***** PROVIDED MATERIAL *****

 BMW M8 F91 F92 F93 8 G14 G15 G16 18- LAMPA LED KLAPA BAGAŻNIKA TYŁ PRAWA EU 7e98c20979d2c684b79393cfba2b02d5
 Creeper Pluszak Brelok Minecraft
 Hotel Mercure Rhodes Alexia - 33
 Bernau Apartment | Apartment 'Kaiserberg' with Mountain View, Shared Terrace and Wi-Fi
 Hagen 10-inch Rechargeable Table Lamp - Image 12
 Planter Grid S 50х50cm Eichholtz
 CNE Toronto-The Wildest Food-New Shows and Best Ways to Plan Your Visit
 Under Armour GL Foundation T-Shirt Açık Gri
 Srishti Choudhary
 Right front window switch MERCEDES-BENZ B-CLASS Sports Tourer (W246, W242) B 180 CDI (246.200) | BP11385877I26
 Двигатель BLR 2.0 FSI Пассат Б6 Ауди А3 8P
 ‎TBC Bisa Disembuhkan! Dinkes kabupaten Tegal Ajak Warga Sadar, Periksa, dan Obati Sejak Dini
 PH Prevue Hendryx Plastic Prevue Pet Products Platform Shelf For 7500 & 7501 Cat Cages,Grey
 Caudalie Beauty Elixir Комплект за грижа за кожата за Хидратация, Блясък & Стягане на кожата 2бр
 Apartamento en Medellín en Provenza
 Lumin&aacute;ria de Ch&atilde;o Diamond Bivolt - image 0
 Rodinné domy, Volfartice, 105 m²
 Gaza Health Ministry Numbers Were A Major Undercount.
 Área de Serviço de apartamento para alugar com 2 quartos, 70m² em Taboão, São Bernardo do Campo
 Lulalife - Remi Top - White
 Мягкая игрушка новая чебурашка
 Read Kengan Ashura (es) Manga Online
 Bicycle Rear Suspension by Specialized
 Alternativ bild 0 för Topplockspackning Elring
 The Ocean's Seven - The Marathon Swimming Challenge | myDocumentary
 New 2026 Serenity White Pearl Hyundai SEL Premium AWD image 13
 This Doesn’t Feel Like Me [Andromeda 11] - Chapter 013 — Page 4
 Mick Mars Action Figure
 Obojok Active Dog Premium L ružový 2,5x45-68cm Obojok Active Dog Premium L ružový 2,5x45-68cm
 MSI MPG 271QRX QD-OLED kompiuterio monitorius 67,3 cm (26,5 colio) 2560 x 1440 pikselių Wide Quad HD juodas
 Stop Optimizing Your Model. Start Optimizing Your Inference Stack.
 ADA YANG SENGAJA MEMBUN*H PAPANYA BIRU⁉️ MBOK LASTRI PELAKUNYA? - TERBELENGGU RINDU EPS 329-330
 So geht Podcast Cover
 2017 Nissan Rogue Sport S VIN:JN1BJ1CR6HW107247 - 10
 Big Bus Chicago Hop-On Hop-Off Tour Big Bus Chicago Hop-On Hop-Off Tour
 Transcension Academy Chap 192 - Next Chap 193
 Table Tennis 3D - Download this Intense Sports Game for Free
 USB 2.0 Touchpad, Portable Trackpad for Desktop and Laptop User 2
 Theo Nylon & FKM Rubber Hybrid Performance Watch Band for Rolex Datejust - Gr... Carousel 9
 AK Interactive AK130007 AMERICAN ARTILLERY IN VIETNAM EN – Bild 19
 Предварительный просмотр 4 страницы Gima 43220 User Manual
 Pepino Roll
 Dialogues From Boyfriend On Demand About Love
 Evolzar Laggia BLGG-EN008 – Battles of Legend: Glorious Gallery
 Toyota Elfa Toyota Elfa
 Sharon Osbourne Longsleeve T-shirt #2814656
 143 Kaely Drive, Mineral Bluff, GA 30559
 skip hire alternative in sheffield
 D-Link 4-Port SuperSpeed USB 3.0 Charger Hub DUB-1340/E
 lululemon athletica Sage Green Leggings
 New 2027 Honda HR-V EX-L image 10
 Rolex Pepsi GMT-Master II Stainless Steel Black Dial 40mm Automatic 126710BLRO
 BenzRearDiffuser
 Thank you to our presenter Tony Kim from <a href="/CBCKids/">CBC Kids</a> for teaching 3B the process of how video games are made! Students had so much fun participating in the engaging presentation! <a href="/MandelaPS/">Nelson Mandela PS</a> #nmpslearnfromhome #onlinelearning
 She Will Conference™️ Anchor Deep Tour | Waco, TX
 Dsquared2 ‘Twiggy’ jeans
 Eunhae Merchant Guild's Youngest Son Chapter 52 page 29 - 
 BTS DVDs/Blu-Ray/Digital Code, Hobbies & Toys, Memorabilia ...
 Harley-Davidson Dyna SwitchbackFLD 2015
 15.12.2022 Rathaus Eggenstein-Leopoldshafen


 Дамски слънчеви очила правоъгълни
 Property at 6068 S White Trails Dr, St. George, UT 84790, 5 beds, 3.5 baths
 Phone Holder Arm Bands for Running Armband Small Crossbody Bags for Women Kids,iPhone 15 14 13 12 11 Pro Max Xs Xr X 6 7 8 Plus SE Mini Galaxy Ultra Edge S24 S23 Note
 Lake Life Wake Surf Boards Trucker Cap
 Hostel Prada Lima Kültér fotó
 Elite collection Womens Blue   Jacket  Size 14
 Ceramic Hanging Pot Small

*****

WHAT THE EXERCISE ASKS » Output exactly, and only, the lines running from the one that contains "Phone Holder Arm" through the last line of the entries above.

EXERCISE ANSWER »
 Phone Holder Arm Bands for Running Armband Small Crossbody Bags for Women Kids,iPhone 15 14 13 12 11 Pro Max Xs Xr X 6 7 8 Plus SE Mini Galaxy Ultra Edge S24 S23 Note
 Lake Life Wake Surf Boards Trucker Cap
 Hostel Prada Lima Kültér fotó
 Elite collection Womens Blue   Jacket  Size 14
 Ceramic Hanging Pot Small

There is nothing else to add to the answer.